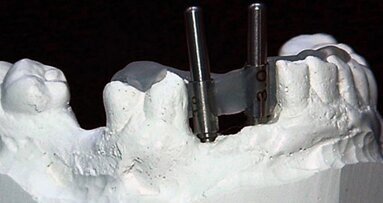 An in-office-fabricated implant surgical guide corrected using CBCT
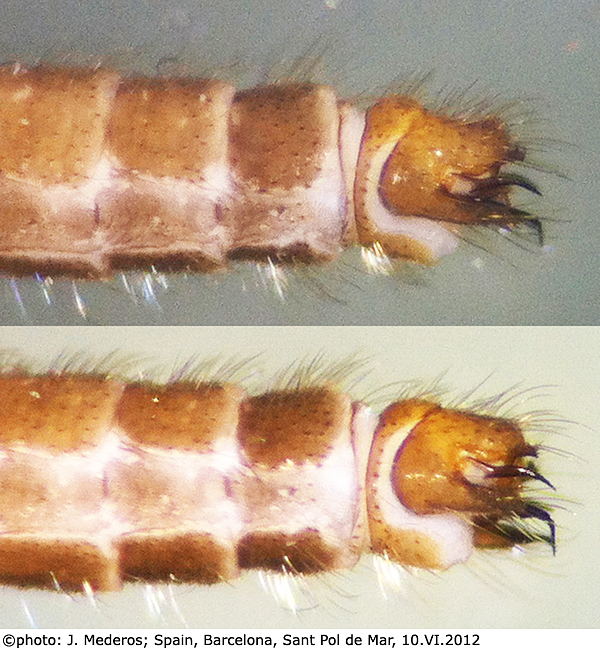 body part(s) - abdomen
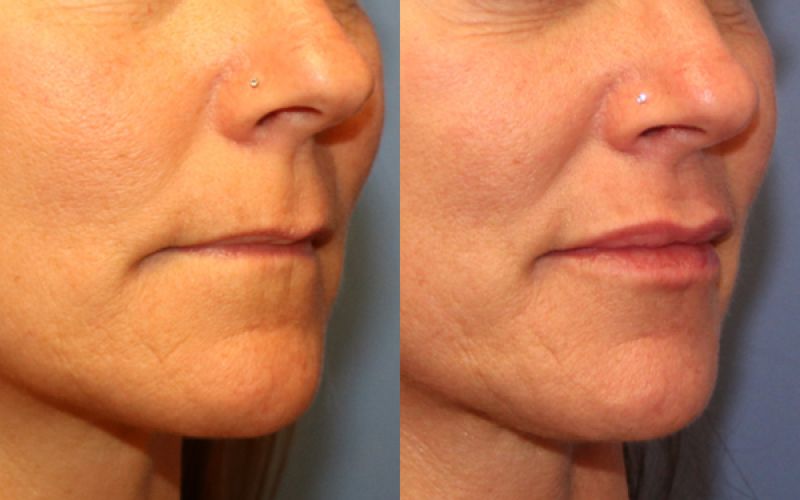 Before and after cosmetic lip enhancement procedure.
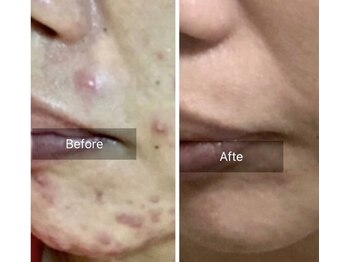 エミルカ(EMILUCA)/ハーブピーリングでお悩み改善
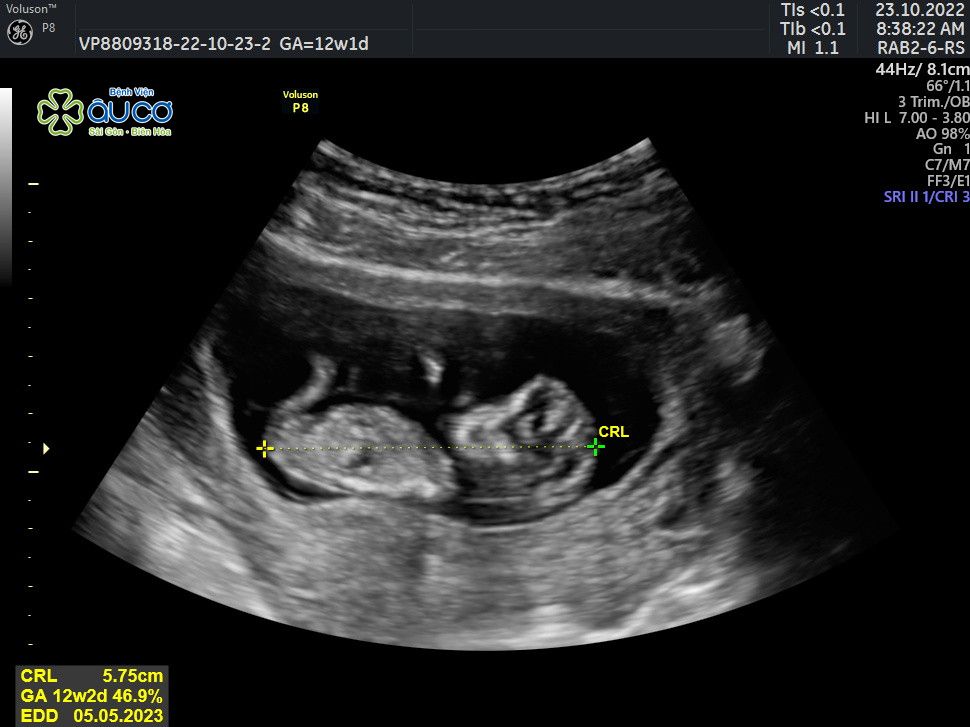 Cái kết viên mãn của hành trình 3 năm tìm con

====

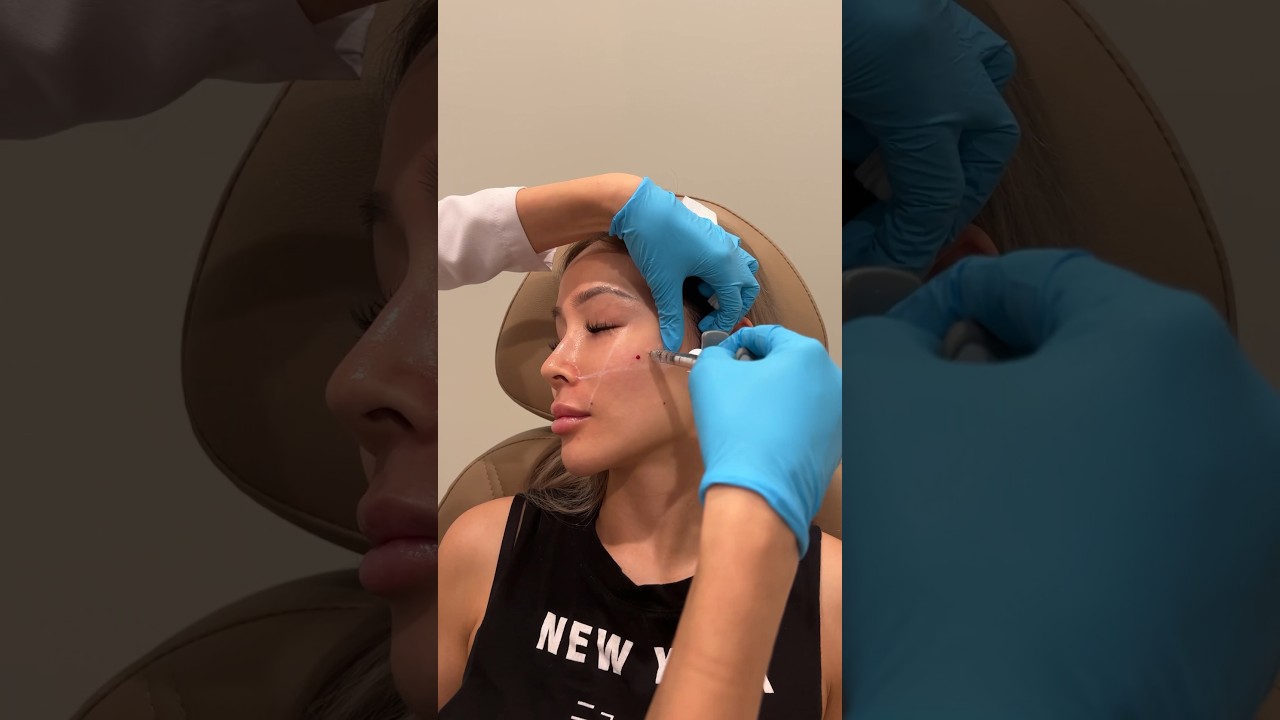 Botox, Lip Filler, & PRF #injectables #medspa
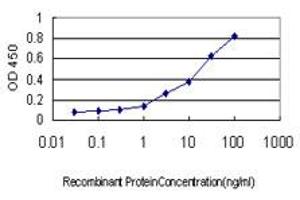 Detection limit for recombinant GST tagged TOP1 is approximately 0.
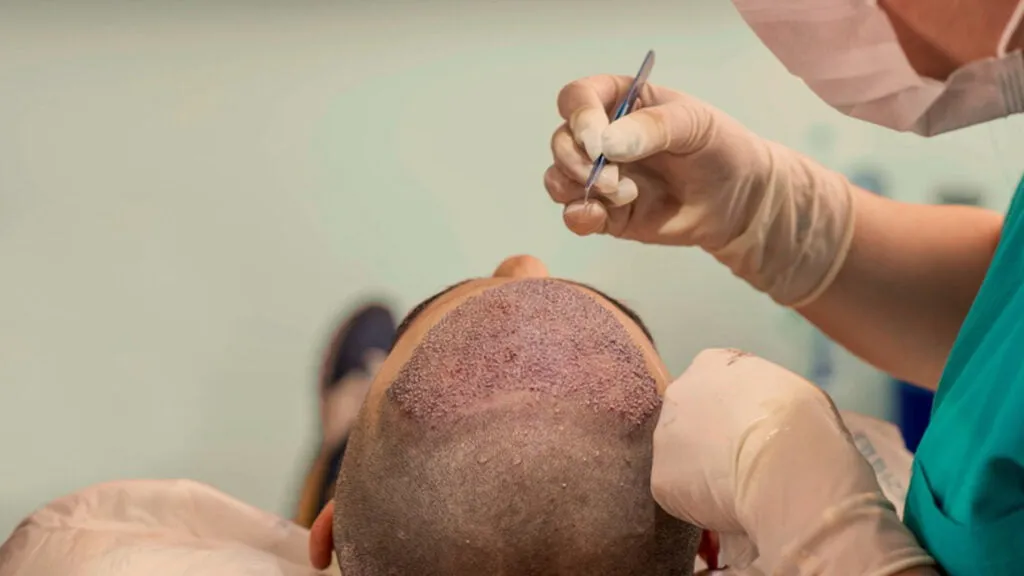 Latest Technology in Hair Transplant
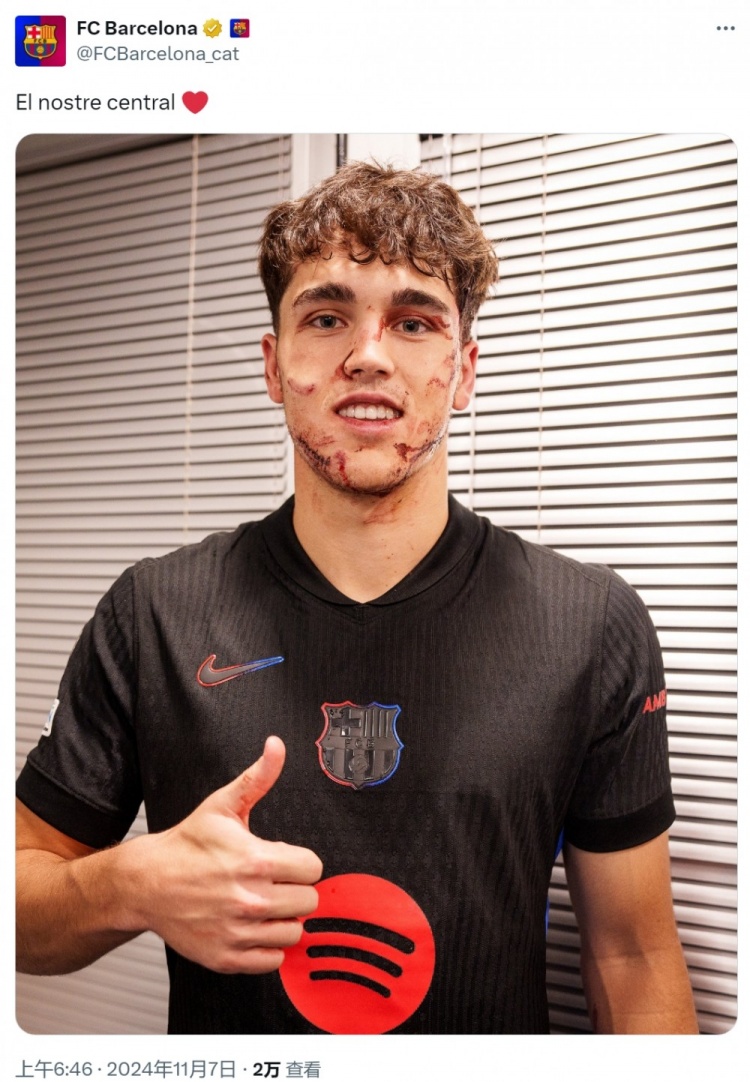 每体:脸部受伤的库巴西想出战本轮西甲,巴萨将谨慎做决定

====

**Directions for this task**:
Nothing but the lines above, starting at the line that contains "Before and after" and ending at the line that contains "Cái kết viên", should be given again, exactly and without the pictures.

**Response to the task**:
 Before and after cosmetic lip enhancement procedure.
 エミルカ(EMILUCA)/ハーブピーリングでお悩み改善
 Cái kết viên mãn của hành trình 3 năm tìm con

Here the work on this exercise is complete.